## [Provided material]
-*-

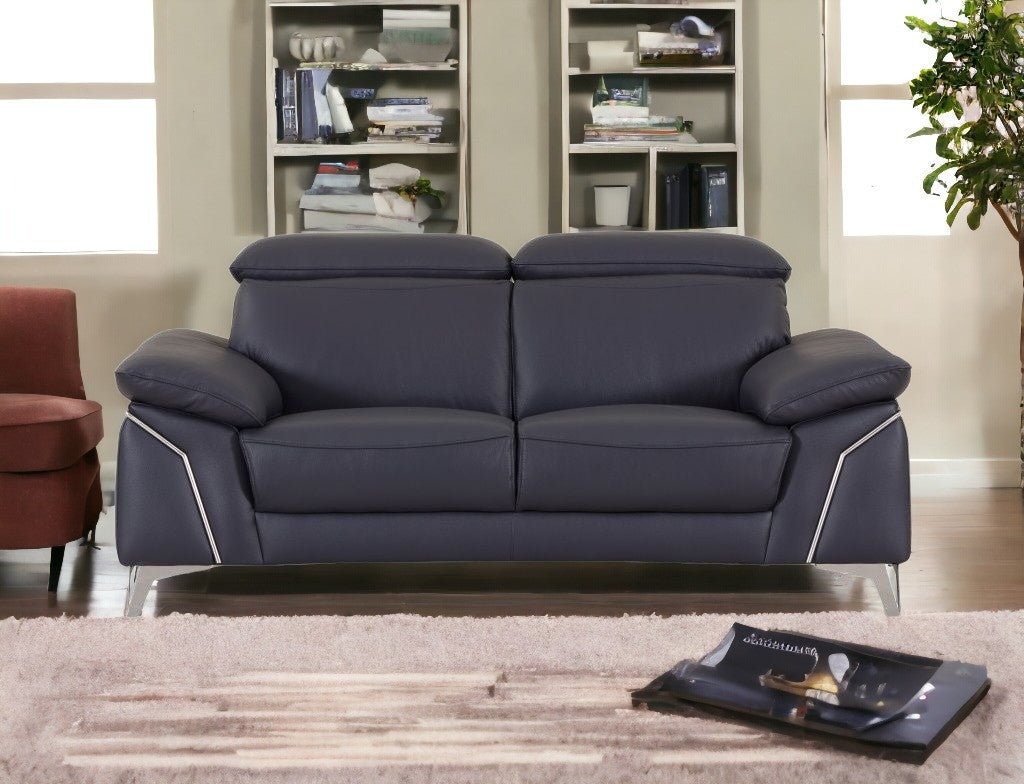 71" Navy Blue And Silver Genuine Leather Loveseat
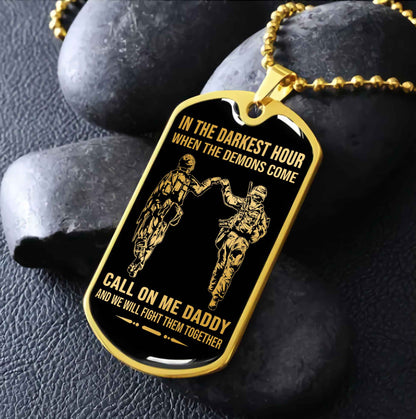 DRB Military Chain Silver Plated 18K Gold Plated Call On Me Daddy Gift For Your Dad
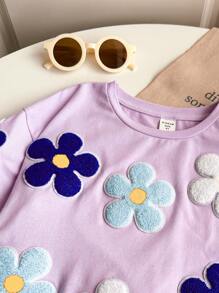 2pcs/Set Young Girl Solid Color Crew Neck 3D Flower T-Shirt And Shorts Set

-*-

## [What is expected]
Each line of the listing above belongs in the answer exactly as written; the pictures do not.

## [Solved exercise]
 71" Navy Blue And Silver Genuine Leather Loveseat
 DRB Military Chain Silver Plated 18K Gold Plated Call On Me Daddy Gift For Your Dad
 2pcs/Set Young Girl Solid Color Crew Neck 3D Flower T-Shirt And Shorts Set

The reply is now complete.